If I fail to treat within 14-days after my accident – can I still use the full $10,000 in PIP benefits to pay my medical providers? Unfortunately, Fla. Stat. 627.736 says “no” and this “no” is not negotiable.
Recall that in my prior article, I explained that PIP benefits are not automatically paid directly to the injured claimant following an accident (with exceptions), pursuant to Fla. Stat. 627.736. Rather, PIP benefits are most commonly used to pay medical providers for treatment received after an accident. Now that we have debunked the misconception that injured claimants automatically receive $10,000 following an accident, it is important to be aware of the 14-day rule relating to medical treatment and PIP benefits.

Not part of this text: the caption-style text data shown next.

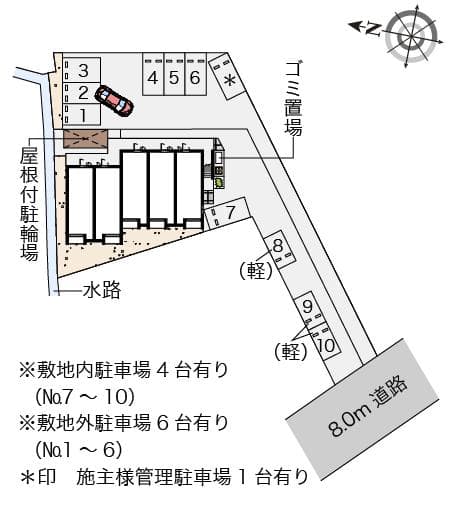 Room image 10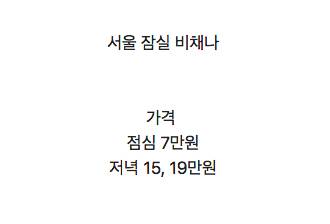 [스압] 2년 연속 미쉐린 1스타 고급 한정식.jpg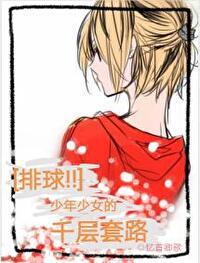 排球少年之少女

In order to fully appreciate the importance of this 14-day rule, consider the following example:
You carry $10,000 in PIP coverage. You pay a premium for your $10,000 in PIP coverage, hoping you never need it. Unfortunately, you find yourself involved in an accident and have injuries. Due to other commitments and obligations, you neglect to visit a doctor within 14-days of your accident. On the 15th day, you visit a chiropractor, informing the chiropractor that you were in an accident and providing your insurance information. You mistakenly believe that PIP will pay up to 80% of the provider’s bill, leaving you with (hopefully) a small 20% payment. Your provider submits their bill to your PIP carrier and the claim/bill is denied, leaving you confused and nervous. What went wrong? Unfortunately, this is a common situation that could have potentially been avoided, had you sought treatment within 14-days.

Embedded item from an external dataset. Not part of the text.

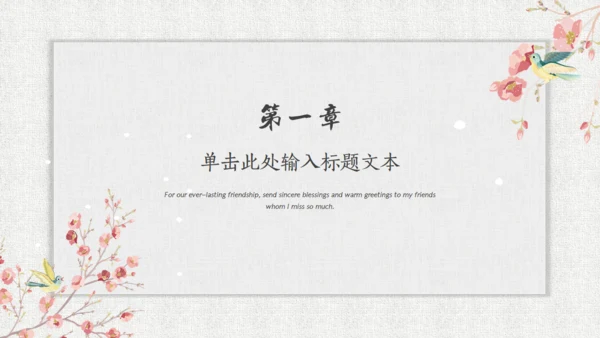花鸟压枝头纹理背景中国风通用PPT模板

Fla. Stat. 627.736(1)(a) is clear that in order to qualify for full $10,000 PIP benefits (i.e. have PIP pay any portion of your provider bills), the injured claimant must seek medically necessary services, within 14 days after an accident. If an injured claimant fails to treat with one of the qualified provider set forth in Fla. Stat. 627.736, within 14-days, the claimant could be disqualified from receiving PIP benefits altogether. In other words, if an injured claimant wants to fully use their entire $10,000 PIP benefits to pay medical providers, for treatment relating to an accident, treatment must be sought within 14-days of the accident, and treatment must be with one of the providers set forth in the Statute. In my experience, this is a non-negotiable area of law that is consistently relied upon by insurance carriers to disqualify claimants. This is but one caveat that may stand in your way of receiving full $10,000 PIP benefits to pay your medical providers, but it is not the only one.

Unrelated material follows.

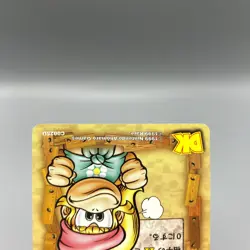 Pri Pri Dixie Kong Donkey Kong Trading Card Game TCG C0025U Nintendo Japan ff224 - Image 3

Assuming you have sought treatment from a qualified provider within 14-days, Florida law imposes yet another requirement on claimants—the “emergency medical condition”. In a following article, the author will explain the necessity of the “emergency medical condition”, most commonly referred to as the EMC in the legal world. The EMC is an important aspect of PIP law, as claimants could be stuck to $2,500 in PIP benefits, if they do not meet this essential statutory requirement.
But why does any of this matter? Why can’t I use my health insurance to pay my medical bills? Why can’t I use settlement funds to pay my providers after I settle my case? In my next article, I will explain why PIP is so important and why it is crucial to claim and receive the full $10,000.
 Please note that there are a myriad of other factors, reasons, and circumstances that could also disqualify an injured claimant from receiving full PIP benefits, even if an injured claimant seeks treatment within 14 days. Please consult with an attorney to discuss your rights under the PIP statute, as this article is not intended to address or cover every unique circumstance.